Consider a modi cation of the recursive algorithm in which presorting is not applied.
Instead, we sort in each recursive call, applying an algorithm sorting by comparisons.
Each time a given subset P needs to be partitioned into PL and PR, the points in P
are sorted on the x-coordinate. In the "combine" part, the set of points in the vertical
strip of width 2ä is sorted on the y-coordinates.
Find a tight asymptotic estimate on the running time of this algorithm as a function
of the size n of the input set Q.
Hints: Find a recurrence for the running time. It is dierent from the recurrence
T(n) = 2T(n=2) + O(n) describing the version with presorting. Solve the recurrence.
To this end, you might apply the approach used to prove the \master theorem" of
Chapter "Divide-and-Conquer."
Diameter of a convex polygon.
There is given a convex polygon P, represented as a sequence of consecutive points
(p0, p1,........ pn-1)
in the sense that the polygon P consists of segments pi, pi+1, where the addition of
subscripts is modulo n.
1) Give an efficient algorithm to nd a pair of points in P of the maximum distance
from each other.
A readable description of the underlying idea of the algorithm in words, possibly illus-
trated with simple drawings, will be better than a tight pseudocode.
2) Argue why the algorithm is correct.
The correctness of the algorithm is to rely on the convexity of the polygon. Point in
your correctness argument where you resort to convexity.
3) Estimate the running time of the algorithm.
The goal is to design an algorithm of the asymptotically optimal running time.
Please contact me at
msjaiswal[at]gmail[dot]com
for solutions.
Price 10$
To find a pair of points in a convex polygon P of the maximum distance from each other, you can use the following algorithm:
1) Initialize two variables, maxDistance and maxPoints, to keep track of the maximum distance found so far and the corresponding pair of points.
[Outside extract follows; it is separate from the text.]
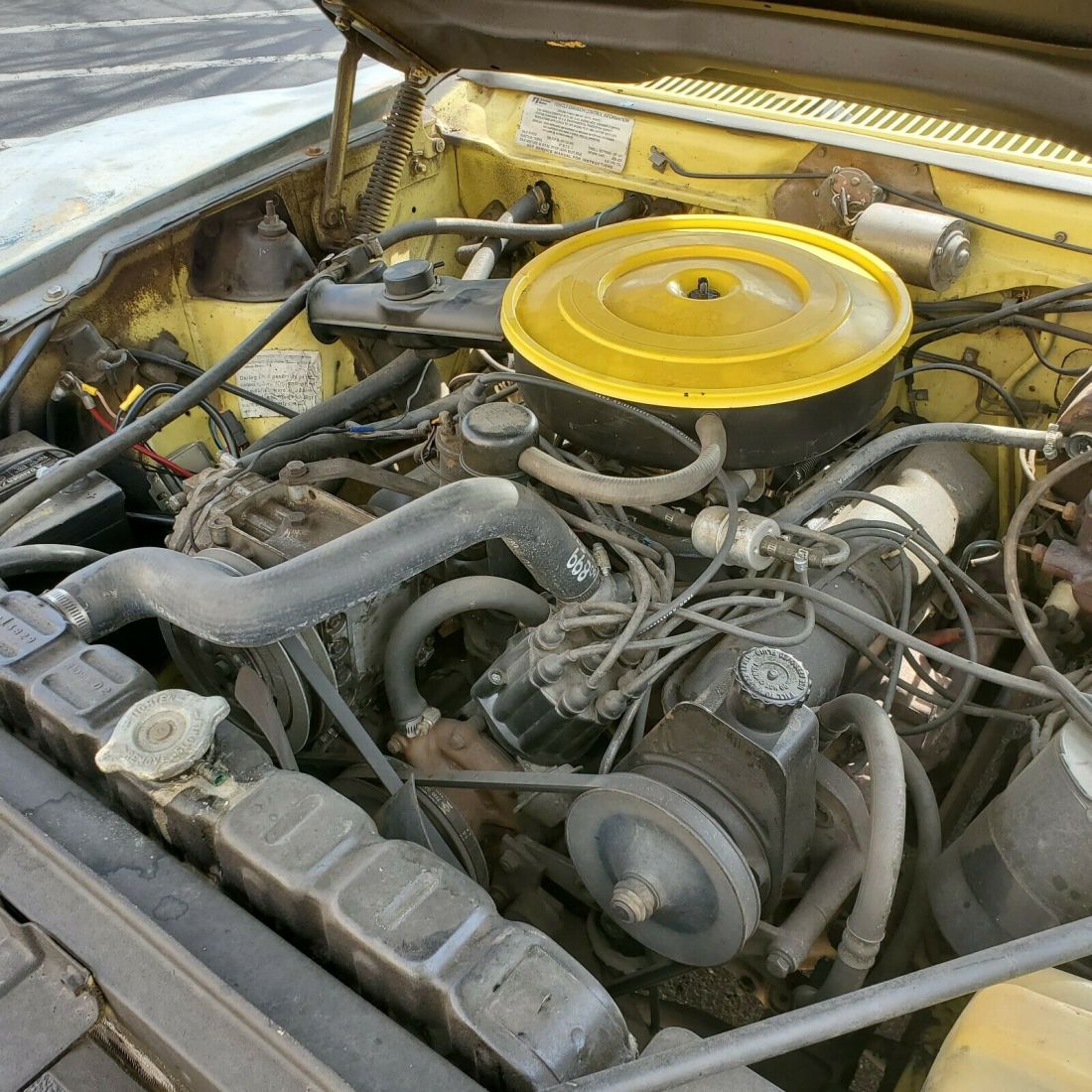 1972 AMC Javelin SST - photo 6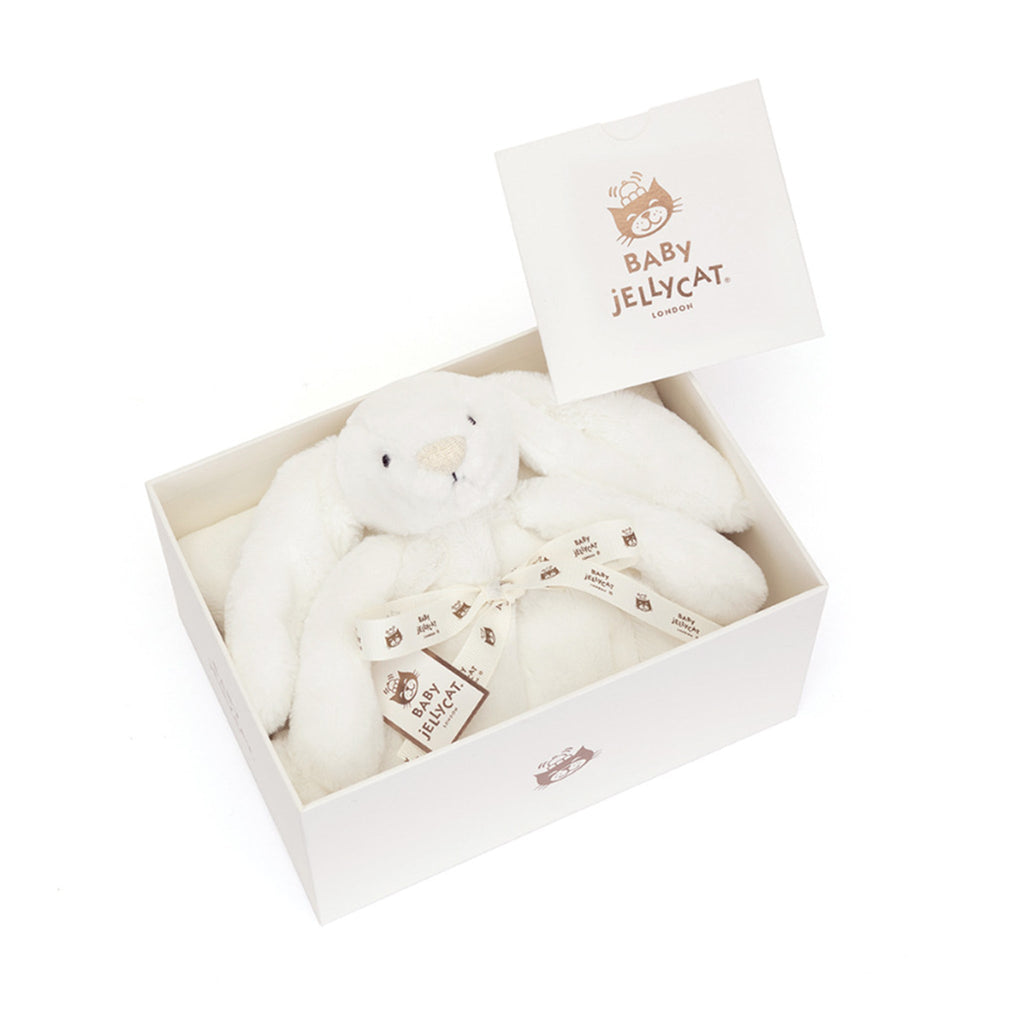 Couverture Bashful Luxe Bunny Rosa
2) Iterate through each pair of consecutive points in the polygon, denoted as (p[i], p[i+1]). Calculate the distance between these two points using the Euclidean distance formula: dist = sqrt((p[i].x - p[i+1].x)^2 + (p[i].y - p[i+1].y)^2).
3) If the calculated distance is greater than the current maxDistance, update maxDistance to the new distance and set maxPoints to the pair of points (p[i], p[i+1]).
4) After iterating through all pairs of points, check the distance between the first and last point in the polygon, denoted as (p[n-1], p[0]). If this distance is greater than maxDistance, update maxDistance and maxPoints accordingly.
5) At the end of the algorithm, maxPoints will contain the pair of points in the polygon with the maximum distance between them.
Here's an illustration of the algorithm:
```
maxDistance = 0
maxPoints = ()
for i = 0 to n-2 do:
dist = sqrt((p[i].x - p[i+1].x)^2 + (p[i].y - p[i+1].y)^2)
if dist > maxDistance:
maxDistance = dist
maxPoints = (p[i], p[i+1])
dist = sqrt((p[n-1].x - p[0].x)^2 + (p[n-1].y - p[0].y)^2)
if dist > maxDistance:
maxDistance = dist
maxPoints = (p[n-1], p[0])
return maxPoints
```
To argue the correctness of the algorithm, we rely on the convexity of the polygon. The key observation is that any point inside the polygon must be closer to at least one of the edges than the outermost points of the polygon.
Since a convex polygon has no concave angles, the maximum distance between any pair of points must occur between two consecutive points on the boundary of the polygon. Therefore, by considering all pairs of consecutive points, we are guaranteed to find the maximum distance within the convex polygon.
The running time of the algorithm is O(n), where n is the number of points in the polygon. This is because we iterate through all pairs of consecutive points in the polygon to calculate the distances and update the maximum distance and points. The time complexity remains linear regardless of the size or shape of the polygon.